My first baby was high sleep needs. I say this now, because I know this now. Then, I thought my baby’s sleeping habits were because I was a good mom. Hehehe.
I know some moms with kids with low sleep needs. I’d see the posts, but never comment. I’d talk to the mom friends, but never say anything. But I’d go home basking in the good boundary setting skills I had, and the fact that my son loved the eat • play • sleep routine he was on and I’d sleep all night because he did. I really suck at routines, so I was super proud of myself for knowing wake times, limiting screen time, and knowing exactly when my son would take his first and second naps and that he’d be asleep by 8pm at the latest. I read all the books and made a combination of routines and schedules from them all and was proud of my first time momming. I did it. I created nap time and I created all night sleep. GO ME. SO GOOD AT MOMMING. I WON.
He turned one, kept a nap until just before he turned three and at the ripe old age of four and some change still asks permission if it’s okay for him to sleep a little bit in the car and is asleep (ASLEEP) by 7pm sharp most nights. He cannot hang. With any less than 12 hours of sleep in a 24 hour period he is a bonafide turd. And he would prefer to be well rested otherwise he yells at us about how he doesn’t like any people or any things.
Enter: SECOND KID.
She came in like a wrecking ball, 10 days after her due date and transverse up until her birth month. She’s made the rules since day one– we planned to start trying to get pregnant in September, and found out I was pregnant with her the end of August. Earlier this week I picked her up from the nursery at the Y and the teacher was like “I didn’t know she could talk, until she started telling me stuff that she wanted. She knows a lot of words.” Yes. Yes she does. She learns them when she’s NOT SLEEPING. I also watched her babble mumble in her one year old language as we left, asking (demanding? nicely?) to pick out a sticker. TEE KUH. TEE KUH. I WAN TEE KUH. I told her four times to say please (she did not) and wouldn’t let her leave until she said thank you and finally, pushing herself in between my legs she whispered ever so faintly taintoo. She’s just very spicy. Very opinionated. Has been since, forever and now toddlerhood isn’t really doing us any favors. My son is very not spicy. He is very take-a-nappy.

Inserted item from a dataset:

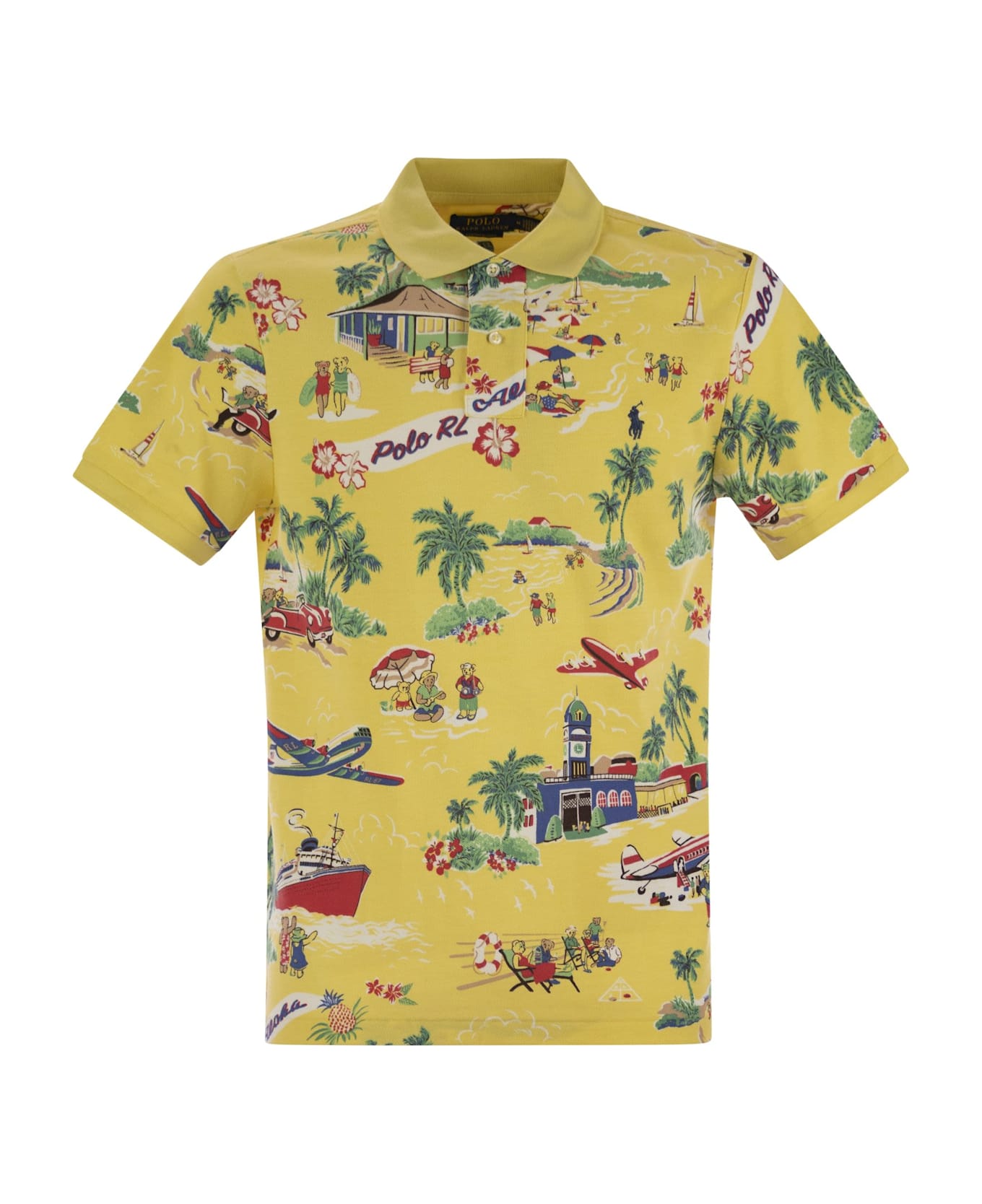 Ralph Lauren Polo Bear Custom Slim-fit Pique Polo - ON HOLIDAY BEAR YELLOW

TO ALL THE MOMS I JUDGED BEFORE: I AM SO SORRY. BABY SLEEP HAS NOTHING TO DO WITH THE MOM OR THE NUMBER OF BOOKS SHE’S READ OR MOM GROUPS SHE’S ASKED FOR HELP. I KNOW THIS NOW. BECAUSE I READ ALL THE BOOKS AND ASKED FOR ALL THE HELP AND SHE STILL DOESN’T SLEEP.

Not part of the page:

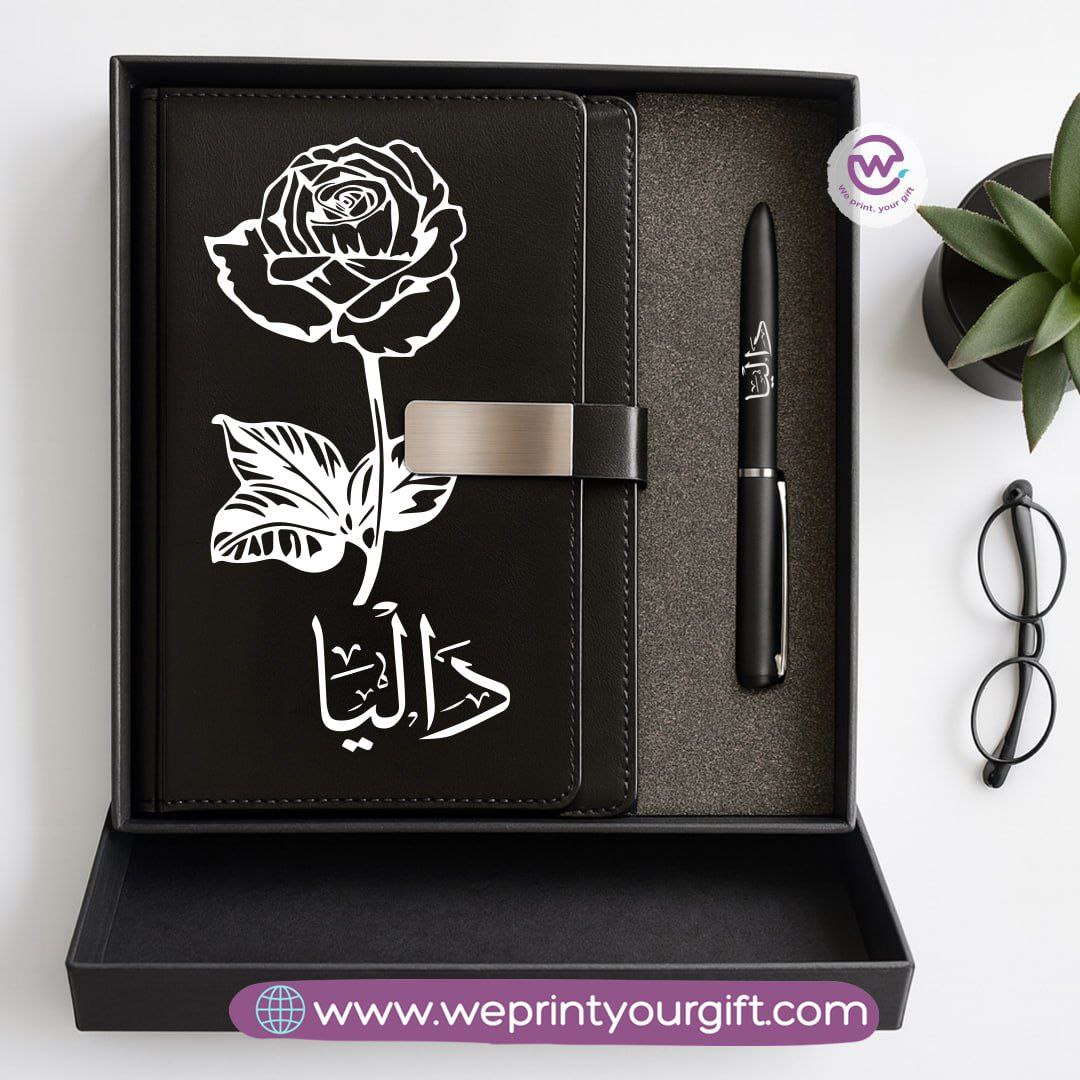 Personalized One Line Art Gift Box – Custom Name Notebook & Engraved Pen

Sometimes you get all kids that sleep, sometimes you get no kids that sleep and sometimes you get half and half. We have half and half.
I’d like to think the people that have all sleeping kids have really boring vanilla lives and are deprived of the hilarious three AM shenanigan belly laughs that emerge when your 18 month old is screaming for PIZZA in the other room (you know, since mom and dad won’t come maybe The Pizza Man will? )– but nobody’s a winner in the comparison game.

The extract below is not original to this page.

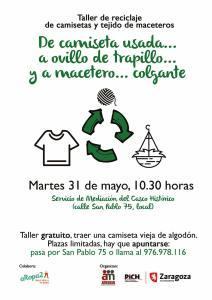 Taller gratuito, reutilización de camisetas viejas a maceteros colgantes.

But really, I am so sorry. My first baby just slept and I didn’t know that sometimes they don’t. I DIDN’T KNOW. I really thought that if they didn’t sleep as babies they’d at least sleep as toddlers.. but it turns out that is not the truth in our case, as now she just knows more words and can invent more tricky games to get us in her room. Current favorite is: WATER I WANT WATER.
Second kid upheaval was strong. She’s napped *some* in her life but I’m pretty sure that it will be gone completely before she turns 2 since her brother no longer naps. I thought nap time was a universal thing observed by all parents. Kind of like siesta. I thought it was the universal understood perk of procreating– a two to three hour break in the afternoon after lunch. I’m lucky if I get one hour where they are both in their rooms (usually screaming) at the same time and I try to recharge a little, prep dinner or just walk really slow out to the mailbox and back…
So, I know now four years and two kids in that me being a good mom is not contingent upon anything really, especially the number of hours my kid does or does not sleep. I am a great mom–- because I am my kids‘ mom. Whether we sleep or not! Hang in. Soon enough their crappy sleep will be their own problem when its their turn to adult. Hopefully they’ll get a great first sleeper who will show ’em how it’s done.